**Description of the task:** From the first line of the entries below to the line with "BABYFACE(ベビーフェイス) バックステップキット BLK", give each line again exactly.

_____

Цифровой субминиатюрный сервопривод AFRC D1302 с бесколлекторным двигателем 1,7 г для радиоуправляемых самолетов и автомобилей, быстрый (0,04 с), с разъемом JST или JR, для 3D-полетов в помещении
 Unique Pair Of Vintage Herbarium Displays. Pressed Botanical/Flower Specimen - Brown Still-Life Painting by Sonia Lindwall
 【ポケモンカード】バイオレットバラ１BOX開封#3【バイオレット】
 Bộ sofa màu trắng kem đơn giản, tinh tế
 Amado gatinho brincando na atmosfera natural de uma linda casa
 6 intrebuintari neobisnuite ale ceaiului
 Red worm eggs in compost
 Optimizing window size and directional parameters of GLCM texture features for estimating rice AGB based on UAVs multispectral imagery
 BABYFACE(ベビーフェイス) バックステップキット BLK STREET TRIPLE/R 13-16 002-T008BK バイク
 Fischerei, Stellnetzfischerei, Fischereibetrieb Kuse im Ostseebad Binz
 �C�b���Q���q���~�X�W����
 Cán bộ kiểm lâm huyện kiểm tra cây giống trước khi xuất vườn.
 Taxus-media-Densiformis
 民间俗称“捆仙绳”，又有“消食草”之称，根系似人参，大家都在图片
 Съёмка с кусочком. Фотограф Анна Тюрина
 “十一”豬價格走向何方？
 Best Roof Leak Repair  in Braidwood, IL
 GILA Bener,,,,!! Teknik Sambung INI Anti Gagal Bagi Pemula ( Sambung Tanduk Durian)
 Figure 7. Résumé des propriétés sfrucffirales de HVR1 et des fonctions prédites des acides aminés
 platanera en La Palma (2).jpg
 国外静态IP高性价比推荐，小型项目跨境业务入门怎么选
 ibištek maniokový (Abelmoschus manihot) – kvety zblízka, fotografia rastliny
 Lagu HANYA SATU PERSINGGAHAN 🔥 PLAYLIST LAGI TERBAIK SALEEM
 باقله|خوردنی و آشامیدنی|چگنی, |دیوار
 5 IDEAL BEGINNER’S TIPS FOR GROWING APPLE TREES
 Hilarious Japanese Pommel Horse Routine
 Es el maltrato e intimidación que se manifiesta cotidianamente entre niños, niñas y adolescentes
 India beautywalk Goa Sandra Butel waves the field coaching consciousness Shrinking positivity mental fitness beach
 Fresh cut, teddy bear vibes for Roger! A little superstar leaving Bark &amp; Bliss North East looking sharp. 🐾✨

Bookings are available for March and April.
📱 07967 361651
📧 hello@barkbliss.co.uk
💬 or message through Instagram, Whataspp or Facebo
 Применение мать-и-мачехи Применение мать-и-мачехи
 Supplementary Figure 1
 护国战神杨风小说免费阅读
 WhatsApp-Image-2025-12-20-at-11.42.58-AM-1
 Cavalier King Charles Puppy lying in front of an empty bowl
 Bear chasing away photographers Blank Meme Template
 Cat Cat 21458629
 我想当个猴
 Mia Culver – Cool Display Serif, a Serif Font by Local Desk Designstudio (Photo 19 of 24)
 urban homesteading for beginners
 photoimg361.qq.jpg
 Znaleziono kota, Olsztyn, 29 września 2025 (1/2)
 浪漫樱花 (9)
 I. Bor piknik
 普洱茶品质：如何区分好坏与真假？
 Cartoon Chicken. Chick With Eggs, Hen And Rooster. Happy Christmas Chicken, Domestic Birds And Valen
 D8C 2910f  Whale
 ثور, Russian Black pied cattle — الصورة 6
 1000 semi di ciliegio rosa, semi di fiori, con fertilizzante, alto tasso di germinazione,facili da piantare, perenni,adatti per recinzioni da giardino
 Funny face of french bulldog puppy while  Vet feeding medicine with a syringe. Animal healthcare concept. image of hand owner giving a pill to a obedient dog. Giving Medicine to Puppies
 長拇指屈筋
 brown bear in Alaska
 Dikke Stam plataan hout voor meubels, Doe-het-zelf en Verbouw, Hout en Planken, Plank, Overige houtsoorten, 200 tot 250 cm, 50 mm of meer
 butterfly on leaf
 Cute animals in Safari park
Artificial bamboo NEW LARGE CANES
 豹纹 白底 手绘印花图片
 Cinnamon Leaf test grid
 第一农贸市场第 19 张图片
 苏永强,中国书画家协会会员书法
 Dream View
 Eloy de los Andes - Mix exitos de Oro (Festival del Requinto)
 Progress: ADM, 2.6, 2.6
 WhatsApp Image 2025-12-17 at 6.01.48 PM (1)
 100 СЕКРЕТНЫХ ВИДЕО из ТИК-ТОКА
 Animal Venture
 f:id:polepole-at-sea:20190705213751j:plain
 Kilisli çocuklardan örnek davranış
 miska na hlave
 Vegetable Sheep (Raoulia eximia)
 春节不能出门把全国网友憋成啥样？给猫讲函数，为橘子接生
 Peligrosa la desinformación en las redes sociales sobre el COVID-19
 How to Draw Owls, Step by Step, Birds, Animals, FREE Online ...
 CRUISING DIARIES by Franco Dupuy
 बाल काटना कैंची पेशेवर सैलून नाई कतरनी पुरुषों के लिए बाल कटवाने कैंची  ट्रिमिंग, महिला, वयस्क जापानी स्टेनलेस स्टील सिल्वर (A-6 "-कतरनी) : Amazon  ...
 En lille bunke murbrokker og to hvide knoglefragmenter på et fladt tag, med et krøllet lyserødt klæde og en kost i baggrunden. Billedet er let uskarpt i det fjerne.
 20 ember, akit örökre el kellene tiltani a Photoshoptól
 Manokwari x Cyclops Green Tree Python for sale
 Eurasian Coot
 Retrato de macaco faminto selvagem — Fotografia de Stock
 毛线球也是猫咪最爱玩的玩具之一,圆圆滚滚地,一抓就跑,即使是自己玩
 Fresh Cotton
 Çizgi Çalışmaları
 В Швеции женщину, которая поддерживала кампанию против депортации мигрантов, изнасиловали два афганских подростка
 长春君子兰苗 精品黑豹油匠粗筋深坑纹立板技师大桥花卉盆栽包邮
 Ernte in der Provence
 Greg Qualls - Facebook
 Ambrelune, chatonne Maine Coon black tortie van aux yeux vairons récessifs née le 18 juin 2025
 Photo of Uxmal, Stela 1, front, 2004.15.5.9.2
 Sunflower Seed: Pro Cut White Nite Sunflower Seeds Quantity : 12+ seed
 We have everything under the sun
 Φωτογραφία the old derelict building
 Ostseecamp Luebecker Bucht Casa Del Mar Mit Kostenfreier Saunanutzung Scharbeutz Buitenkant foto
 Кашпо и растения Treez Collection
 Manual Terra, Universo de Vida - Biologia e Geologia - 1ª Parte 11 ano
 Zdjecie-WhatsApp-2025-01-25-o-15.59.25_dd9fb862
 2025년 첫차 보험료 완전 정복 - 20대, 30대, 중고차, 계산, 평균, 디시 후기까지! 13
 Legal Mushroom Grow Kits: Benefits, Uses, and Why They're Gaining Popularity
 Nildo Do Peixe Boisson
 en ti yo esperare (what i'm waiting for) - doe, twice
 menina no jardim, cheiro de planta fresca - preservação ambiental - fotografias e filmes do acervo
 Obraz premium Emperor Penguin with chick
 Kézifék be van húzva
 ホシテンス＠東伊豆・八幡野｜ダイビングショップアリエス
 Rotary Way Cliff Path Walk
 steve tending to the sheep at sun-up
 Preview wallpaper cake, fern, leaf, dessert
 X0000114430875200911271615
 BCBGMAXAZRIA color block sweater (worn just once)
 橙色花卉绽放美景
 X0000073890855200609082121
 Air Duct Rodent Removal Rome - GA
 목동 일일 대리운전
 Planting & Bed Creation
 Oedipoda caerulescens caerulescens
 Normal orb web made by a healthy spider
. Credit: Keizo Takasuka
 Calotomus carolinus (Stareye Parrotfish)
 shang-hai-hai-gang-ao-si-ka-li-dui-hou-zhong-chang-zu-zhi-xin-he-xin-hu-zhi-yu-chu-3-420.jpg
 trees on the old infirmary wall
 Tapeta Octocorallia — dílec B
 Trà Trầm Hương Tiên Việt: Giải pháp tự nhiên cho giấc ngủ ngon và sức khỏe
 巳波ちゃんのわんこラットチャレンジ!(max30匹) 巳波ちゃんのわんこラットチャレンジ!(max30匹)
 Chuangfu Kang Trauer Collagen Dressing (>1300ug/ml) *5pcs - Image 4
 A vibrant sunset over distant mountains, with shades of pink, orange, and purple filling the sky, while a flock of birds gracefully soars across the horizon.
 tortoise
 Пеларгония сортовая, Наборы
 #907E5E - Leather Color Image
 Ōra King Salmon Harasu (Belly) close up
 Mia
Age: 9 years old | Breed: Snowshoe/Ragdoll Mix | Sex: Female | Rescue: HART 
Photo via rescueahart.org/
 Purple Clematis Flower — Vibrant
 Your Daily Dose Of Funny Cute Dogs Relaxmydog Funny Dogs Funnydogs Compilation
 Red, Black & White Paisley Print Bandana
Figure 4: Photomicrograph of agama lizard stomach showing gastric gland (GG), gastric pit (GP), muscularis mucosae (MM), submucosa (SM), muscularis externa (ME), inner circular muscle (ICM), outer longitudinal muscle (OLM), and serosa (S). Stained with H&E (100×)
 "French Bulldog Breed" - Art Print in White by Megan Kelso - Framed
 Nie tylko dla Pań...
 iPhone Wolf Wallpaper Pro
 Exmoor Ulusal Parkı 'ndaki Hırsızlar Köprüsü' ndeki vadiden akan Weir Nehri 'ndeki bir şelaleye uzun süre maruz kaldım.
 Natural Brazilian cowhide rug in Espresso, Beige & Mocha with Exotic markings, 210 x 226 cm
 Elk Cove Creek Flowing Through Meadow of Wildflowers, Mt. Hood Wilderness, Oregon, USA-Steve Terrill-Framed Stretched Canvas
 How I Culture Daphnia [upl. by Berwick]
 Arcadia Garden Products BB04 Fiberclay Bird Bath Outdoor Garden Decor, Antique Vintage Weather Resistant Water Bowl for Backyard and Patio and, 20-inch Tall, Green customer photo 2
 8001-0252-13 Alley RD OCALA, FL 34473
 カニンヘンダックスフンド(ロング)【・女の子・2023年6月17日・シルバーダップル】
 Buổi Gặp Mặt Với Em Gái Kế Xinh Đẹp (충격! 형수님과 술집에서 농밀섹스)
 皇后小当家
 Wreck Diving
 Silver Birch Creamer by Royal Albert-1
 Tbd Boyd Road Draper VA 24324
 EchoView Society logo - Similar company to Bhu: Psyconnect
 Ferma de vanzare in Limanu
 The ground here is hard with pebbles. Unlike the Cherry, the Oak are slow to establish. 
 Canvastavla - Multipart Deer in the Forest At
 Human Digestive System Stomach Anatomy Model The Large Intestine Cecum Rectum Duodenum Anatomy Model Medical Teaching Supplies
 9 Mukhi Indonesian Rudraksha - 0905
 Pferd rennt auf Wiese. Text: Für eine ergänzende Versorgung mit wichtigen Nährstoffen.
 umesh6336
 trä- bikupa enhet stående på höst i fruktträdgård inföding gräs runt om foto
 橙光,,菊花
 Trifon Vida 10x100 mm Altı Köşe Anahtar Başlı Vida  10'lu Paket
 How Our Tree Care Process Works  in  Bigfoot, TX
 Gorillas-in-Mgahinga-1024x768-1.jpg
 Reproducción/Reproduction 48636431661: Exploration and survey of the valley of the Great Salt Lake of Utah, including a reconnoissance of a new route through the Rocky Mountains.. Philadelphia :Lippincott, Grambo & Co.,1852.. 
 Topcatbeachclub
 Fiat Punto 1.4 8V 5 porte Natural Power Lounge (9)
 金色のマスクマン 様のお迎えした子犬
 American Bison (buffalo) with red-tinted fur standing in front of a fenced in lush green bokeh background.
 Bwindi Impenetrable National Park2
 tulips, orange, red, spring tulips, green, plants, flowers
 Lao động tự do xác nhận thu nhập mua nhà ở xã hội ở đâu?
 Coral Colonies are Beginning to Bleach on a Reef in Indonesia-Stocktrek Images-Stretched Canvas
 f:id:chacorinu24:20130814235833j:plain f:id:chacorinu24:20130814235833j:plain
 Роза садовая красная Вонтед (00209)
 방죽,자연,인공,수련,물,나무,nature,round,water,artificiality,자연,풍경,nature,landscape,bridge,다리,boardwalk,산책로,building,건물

_____

**The answer:**
Цифровой субминиатюрный сервопривод AFRC D1302 с бесколлекторным двигателем 1,7 г для радиоуправляемых самолетов и автомобилей, быстрый (0,04 с), с разъемом JST или JR, для 3D-полетов в помещении
 Unique Pair Of Vintage Herbarium Displays. Pressed Botanical/Flower Specimen - Brown Still-Life Painting by Sonia Lindwall
 【ポケモンカード】バイオレットバラ１BOX開封#3【バイオレット】
 Bộ sofa màu trắng kem đơn giản, tinh tế
 Amado gatinho brincando na atmosfera natural de uma linda casa
 6 intrebuintari neobisnuite ale ceaiului
 Red worm eggs in compost
 Optimizing window size and directional parameters of GLCM texture features for estimating rice AGB based on UAVs multispectral imagery
 BABYFACE(ベビーフェイス) バックステップキット BLK STREET TRIPLE/R 13-16 002-T008BK バイク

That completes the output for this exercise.